CHARLOTTE, North Carolina (Reuters) - Bank of America Corp plans to spin off its last large private equity fund, with more than $5 billion in assets, and has no plans to make new private equity investments, a company spokesman said on Tuesday.
Bank of America, the largest U.S. bank by assets, will spin off BAML Capital Partners into its own unnamed firm.
The firm would then manage the bank’s private equity assets for a fee -- winding those positions down over time -- and could begin accepting outside investors.
The assets will remain on BofA’s balance sheet until they are wound down.
Company spokesman Jerry Dubrowski said BofA determined the business was “not strategically critical to customers and our clients” and the decision was made to spin off the unit.
Dubrowski said the head of the new firm had not yet been announced, and it was not immediately clear the number of employees that would move to the new firm.

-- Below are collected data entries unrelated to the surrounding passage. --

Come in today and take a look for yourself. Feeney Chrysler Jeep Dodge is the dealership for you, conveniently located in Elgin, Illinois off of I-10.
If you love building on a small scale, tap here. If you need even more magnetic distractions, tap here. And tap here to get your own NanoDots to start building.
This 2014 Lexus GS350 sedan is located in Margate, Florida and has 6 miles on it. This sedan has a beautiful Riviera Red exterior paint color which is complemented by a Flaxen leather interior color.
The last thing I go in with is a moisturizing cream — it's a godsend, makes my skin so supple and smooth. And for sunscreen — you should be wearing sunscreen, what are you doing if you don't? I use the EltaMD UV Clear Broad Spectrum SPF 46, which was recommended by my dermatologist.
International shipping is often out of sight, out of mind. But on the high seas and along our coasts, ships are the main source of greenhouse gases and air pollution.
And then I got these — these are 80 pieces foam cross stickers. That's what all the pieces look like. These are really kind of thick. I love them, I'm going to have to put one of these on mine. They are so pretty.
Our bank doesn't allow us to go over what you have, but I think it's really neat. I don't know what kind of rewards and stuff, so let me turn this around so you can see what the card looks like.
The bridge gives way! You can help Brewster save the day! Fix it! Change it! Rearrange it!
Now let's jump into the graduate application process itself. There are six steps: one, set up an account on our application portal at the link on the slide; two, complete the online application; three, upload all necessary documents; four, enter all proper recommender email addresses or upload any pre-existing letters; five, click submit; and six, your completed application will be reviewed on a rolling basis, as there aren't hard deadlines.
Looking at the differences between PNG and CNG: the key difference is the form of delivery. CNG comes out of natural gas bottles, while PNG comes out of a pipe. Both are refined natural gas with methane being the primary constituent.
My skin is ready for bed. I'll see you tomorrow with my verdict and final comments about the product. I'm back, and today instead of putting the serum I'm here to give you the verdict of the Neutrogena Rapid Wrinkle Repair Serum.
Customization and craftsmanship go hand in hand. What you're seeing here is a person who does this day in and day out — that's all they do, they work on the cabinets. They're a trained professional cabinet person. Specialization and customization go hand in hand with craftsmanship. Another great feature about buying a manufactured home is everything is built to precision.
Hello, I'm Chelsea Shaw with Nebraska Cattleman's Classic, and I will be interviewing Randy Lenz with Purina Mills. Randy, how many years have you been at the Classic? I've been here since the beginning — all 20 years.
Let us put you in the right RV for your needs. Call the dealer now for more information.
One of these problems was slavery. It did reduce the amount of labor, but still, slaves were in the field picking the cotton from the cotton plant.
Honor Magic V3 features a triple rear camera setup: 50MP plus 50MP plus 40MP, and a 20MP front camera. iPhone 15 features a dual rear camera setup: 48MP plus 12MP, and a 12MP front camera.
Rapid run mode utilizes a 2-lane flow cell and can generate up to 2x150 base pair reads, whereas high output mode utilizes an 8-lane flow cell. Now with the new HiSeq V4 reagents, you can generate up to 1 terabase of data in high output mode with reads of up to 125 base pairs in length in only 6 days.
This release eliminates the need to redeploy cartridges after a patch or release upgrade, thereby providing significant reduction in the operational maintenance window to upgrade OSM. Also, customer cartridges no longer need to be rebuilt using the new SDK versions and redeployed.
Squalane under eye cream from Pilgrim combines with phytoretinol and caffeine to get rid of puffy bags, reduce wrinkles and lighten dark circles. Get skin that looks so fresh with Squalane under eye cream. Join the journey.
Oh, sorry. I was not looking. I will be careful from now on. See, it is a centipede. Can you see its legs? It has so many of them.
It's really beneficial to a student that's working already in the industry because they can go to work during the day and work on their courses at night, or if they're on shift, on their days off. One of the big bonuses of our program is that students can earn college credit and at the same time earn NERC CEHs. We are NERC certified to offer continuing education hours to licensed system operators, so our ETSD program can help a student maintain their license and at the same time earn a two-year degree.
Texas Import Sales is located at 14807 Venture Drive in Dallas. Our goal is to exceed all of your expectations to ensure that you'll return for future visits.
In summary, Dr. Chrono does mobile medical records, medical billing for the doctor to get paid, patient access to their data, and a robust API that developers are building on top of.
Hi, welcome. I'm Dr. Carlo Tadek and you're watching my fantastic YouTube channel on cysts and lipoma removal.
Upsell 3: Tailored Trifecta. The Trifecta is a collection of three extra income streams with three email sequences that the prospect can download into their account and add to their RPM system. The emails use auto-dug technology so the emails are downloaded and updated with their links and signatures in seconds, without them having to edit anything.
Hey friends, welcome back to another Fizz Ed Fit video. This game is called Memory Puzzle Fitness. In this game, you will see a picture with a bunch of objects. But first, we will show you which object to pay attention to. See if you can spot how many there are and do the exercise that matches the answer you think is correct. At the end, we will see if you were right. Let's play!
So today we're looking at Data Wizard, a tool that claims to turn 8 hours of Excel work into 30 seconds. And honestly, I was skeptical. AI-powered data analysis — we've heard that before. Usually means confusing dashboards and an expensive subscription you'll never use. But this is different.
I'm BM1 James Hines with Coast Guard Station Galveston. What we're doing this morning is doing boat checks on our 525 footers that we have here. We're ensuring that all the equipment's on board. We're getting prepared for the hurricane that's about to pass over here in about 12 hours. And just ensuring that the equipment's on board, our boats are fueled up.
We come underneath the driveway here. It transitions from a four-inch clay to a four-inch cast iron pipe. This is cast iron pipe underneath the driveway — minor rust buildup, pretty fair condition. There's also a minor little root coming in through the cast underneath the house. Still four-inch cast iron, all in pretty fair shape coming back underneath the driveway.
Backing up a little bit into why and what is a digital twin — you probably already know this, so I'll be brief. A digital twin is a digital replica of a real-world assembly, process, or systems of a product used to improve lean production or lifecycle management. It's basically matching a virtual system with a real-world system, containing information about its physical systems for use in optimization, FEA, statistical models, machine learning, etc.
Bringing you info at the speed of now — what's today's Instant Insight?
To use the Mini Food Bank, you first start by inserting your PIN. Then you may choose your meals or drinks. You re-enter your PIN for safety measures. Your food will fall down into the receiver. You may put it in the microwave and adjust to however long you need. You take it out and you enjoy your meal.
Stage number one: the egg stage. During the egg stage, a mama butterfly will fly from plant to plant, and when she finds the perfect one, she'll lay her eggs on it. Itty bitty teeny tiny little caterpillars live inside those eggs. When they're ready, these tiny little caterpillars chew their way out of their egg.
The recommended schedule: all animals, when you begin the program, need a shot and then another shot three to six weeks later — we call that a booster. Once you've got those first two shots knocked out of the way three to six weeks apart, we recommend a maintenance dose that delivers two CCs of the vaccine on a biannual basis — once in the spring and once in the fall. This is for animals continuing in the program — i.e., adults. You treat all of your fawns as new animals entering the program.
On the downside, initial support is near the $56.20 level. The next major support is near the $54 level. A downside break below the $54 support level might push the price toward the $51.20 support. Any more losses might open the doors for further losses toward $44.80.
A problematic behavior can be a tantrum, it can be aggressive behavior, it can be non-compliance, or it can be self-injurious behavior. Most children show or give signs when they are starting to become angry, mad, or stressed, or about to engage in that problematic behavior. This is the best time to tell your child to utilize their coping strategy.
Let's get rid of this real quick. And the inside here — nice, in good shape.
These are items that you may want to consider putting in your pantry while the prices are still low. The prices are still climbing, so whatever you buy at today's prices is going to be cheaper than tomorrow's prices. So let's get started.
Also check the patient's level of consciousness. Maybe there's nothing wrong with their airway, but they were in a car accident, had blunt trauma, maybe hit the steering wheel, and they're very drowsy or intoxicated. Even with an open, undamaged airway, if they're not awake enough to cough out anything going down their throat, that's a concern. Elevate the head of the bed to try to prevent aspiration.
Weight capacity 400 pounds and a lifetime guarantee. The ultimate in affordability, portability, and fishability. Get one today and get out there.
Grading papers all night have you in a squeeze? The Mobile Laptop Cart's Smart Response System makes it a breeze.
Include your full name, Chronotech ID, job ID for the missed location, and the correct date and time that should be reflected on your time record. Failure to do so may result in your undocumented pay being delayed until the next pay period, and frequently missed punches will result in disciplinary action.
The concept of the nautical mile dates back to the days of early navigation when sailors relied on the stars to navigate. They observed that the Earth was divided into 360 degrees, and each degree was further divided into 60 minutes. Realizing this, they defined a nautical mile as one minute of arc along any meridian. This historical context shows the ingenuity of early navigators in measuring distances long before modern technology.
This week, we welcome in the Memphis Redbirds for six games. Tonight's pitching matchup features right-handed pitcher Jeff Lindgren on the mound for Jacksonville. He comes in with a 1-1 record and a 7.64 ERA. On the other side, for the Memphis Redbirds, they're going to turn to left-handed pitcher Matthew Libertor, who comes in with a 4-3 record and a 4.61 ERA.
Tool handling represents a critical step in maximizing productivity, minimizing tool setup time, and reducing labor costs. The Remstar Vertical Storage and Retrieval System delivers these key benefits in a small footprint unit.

The spin-off is the latest in a series of moves by the bank to comply with the Volcker Rule, a part of the financial regulatory overhaul law passed in 2010 that limits proprietary trading, or investments by banks using their own capital. It also fits with Chief Executive Brian Moynihan’s efforts to sell off extraneous business units.
In 2010, the bank spun off Banc of America Capital Investors, a $1.4 billion private equity group to form Ridgemont Equity Partners, under a similar structure.